【連載】「唄いろは」
鈴華ゆう子
※こちらのコラムは入院前に執筆したものです
生放送は、とてつもない集中力を保っている瞬間
私にとって、テレビなどの生放送で届けるときほど、五感が研ぎ澄まされることはないんじゃないかってくらい集中力が高まります。
その理由について少し詳しく説明すると、
音程、歌詞、いつもと違う曲の尺、表情、パフォーマンス、カメラワーク、トーク内容等々、パッと思いつく限りでもこれらすべてのことを同時にバランスよく意識を向けなければいけないからです。
現場の空気振動で伝わる音は視聴者に届かず、ラインに乗る音のみが鮮明に届く環境であり、視覚についても、より接近した映像となって届けられます。さらには視聴者側はよりリラックスした自宅などで観るので、自然と見る目も厳しくなるわけです。
私自身が視聴者であるときを自己分析してみるとそんな感じですね。
例えばライブなどでは、表情などはあまり気にせず、とにかく全身全霊を注ぎ、どんなブス顔を晒そうが気にせずパフォーマンス重視で思い切り歌っています。

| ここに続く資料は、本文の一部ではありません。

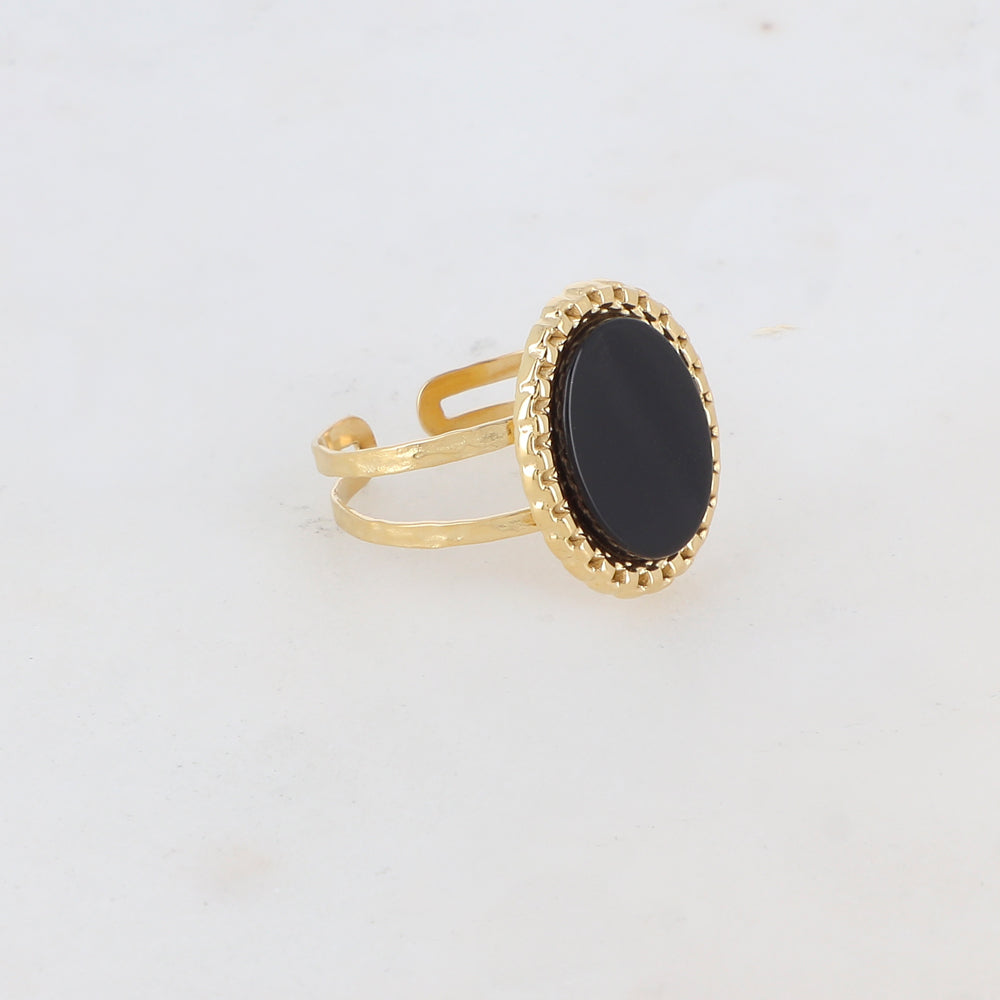 Bague 2 rangs avec pièce ovale, pierre naturelle - Onyx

撮影のときは、どれだけ良い表情で表現できるかを重要視します。
レコーディングのときは、ピッチや歌詞を丁寧に歌うなど、音楽的なことに一点集中します。
このように時と場合によって、ある程度どこかに自然と傾くのです。
しかし、テレビの生放送というのは、どこかに偏らず、すべてに対してバランスよく意識を向けるので、それはまるで、五感だけでは足りないような感覚です。
とてつもない集中力を保っている瞬間で、短時間の歌唱であっても、2時間のライブを終えたときと同等の疲労感を覚えることも多いです。

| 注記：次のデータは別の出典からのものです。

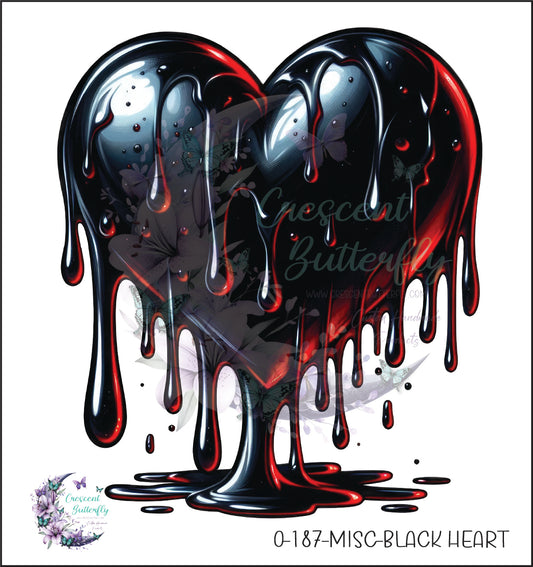 0-187-Misc-Black Heart UV DTF Decal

その時々で多少音響も違うので、現場慣れという経験も重要になってくるのではないかと個人的には思っています。
それは、本番に強いか否かのひと言では済ますことはできないと思います。
多大な影響力がある場で、バンドとして出演する際に、まずは歌がどうであったかというのが世間の評価の基準となるのは言うまでもなく、その責任にヴォーカリストは向き合うことになります。
プレッシャーに打ち勝つ精神力を鍛えるのもヴォーカリストにはとても大切なことですね!
少しでもこの話がプラスになっていただけたら嬉しいです。
本コラムの執筆者
鈴華ゆう子
6月7日生まれ 茨城出身。3歳よりピアノ、5歳より詩吟と剣詩舞を学び、2011年12月、『日本コロムビア全国吟詠コンクール全国大会』優勝の経験もある、東京音楽大学ピアノ科卒業の音楽才女。
「伝統芸能を世界へ広げたい」という思いから和楽器バンドを結成。また一方で地元愛も強く持ち、いばらき大使・水戸大使を務める一面も。ロックに詩吟を融合させ、唯一無二の歌声で圧倒的な存在感を放つ、和楽器バンドの音楽を華やかに彩るスーパー・ヴォーカリスト。
現在、「和楽器バンド」のヴォーカル、和風ユニット「華風月」のヴォーカル&ピアノを担当。
ソロ活動としては、アニメの声優に挑戦するなど才能の幅を広げている。